Suzie Eisfelder
July 6, 2016

I’ve mentioned Limmud Oz before, it’s a weekend of learning for those interested in Jewish topics. It’s massive, for every lecture I attended there were generally another two or three I would have liked to have seen. Held in alternating years in either Sydney or Melbourne we have some world class speakers and some not so good speakers but the topics are always interesting and exciting. I won’t tantalise you with much of the programme or what I actually did but here are just a couple of things.
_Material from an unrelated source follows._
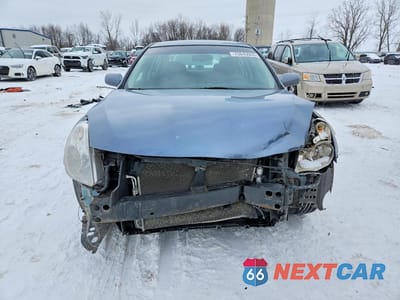 Piąte zdjęcie samochodu w środku: 2011 NISSAN ALTIMA BASE VIN:1N4AL2AP1BN508573 - miniatura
For the first time it started on Saturday afternoon with a couple of interesting sessions at the Theodore Herzl club before finalising the Sabbath with a beautiful Havdalah Service, a break where we ran home for dinner and back to Monash University in Caulfield for the normal Saturday evening sessions and the opening night’s concert. After the concert I was introduced to some cousins, and no, I’m not name dropping here. Then back to Monash Uni in Caulfield for 9:30am Sunday and then again 11am Monday for learning. Normally by the end of Monday my brain is dead from all the information but I took time out Monday afternoon to attend a funeral, not someone I knew but in Jewish tradition we need 10 Jews in attendance for various services and I went to help make up the 10.
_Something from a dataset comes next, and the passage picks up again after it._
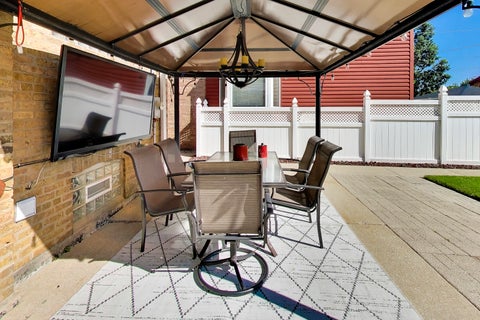 Tiny photo for 5523 N NATCHEZ Avenue, Chicago, IL 60656 (MLS # 12741339)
One of the sessions I attended on Saturday afternoon was about a short story by Sholem Aleichem. You’ve heard of Aleichem, he wrote the original stories that became Fiddler on the Roof. He wrote in Yiddish, I’m thanking translators at this point as it means I’ve been able to read his works, my Yiddish is pretty awful and I’m discovering most of the words I know are actually quite foul so the number of Yiddish words I will use is diminishing rapidly. It’s quite a colourful language and during the session the lecturer had people read out the story paragraph by paragraph, some read in English while some in Yiddish, there was much laughter with the paragraphs in Yiddish.
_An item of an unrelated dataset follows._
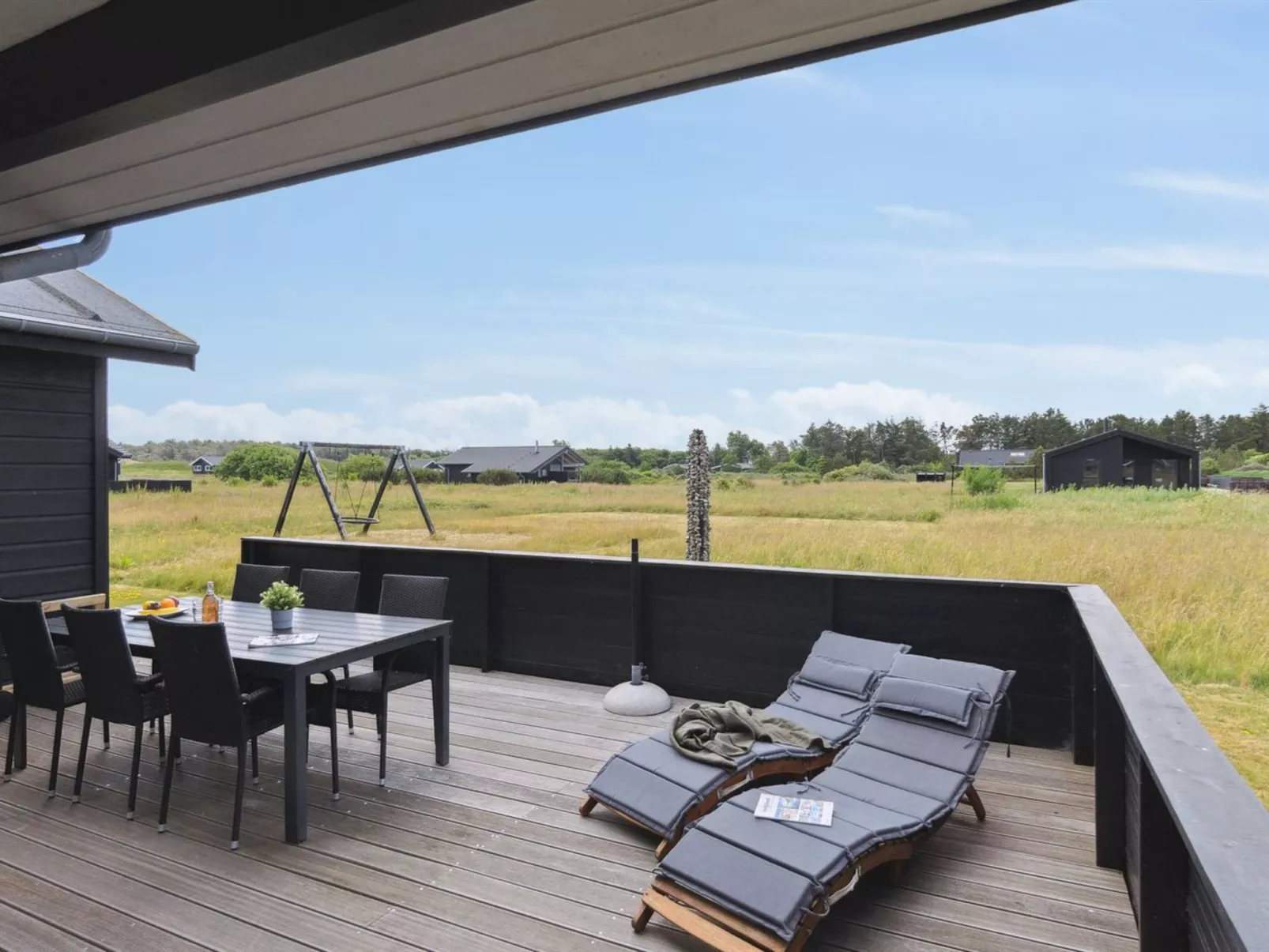 "Fader" - 950m from the sea-Buiten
Other highlights were watching snippets from Orange is the New Black and discovering all the Jewish bits in it. A very gritty programme, it doesn’t pull many punches. Annika Hernroth-Rothstein is a Swedish journalist who managed to get a visa for Iran and spoke about her experiences travelling round and talking to Jews there, she was given a minder, he’s 33 years old, Muslim and single – so much subtext there.

One more story before I leave you drooling for more.

My last session for the day was a fascinating one about reclaiming one of the 330 or so lost Aboriginal languages in Australia. Ghil’ad Zuckermann came from Israel as a linguist to work in Adelaide and looked around to see how he could give something back to Australia. As a linguist he found much information about some of the languages we used to have here and has started studying with people of the Barngarla language to revive it, the results have been fabulous. It was only during the last video he showed that I figured out how I’d known his face before. Last year as part of my English Language classes we were shown parts of Stephen Fry’s Planet Word, during one episode he was driven around Jerusalem by a personable young linguist and they discussed how Hebrew was reclaimed and how it has taken on many words from other languages including English, Zuckermann screened part of that episode…you’ll never guess who that young linguist was. Anyway, I mentioned to Zuckermann how I’d already seen that episode, he was amazed to find his fame spread far and wide. I now await a reply from an email I sent to my teacher from last year, this should be interesting.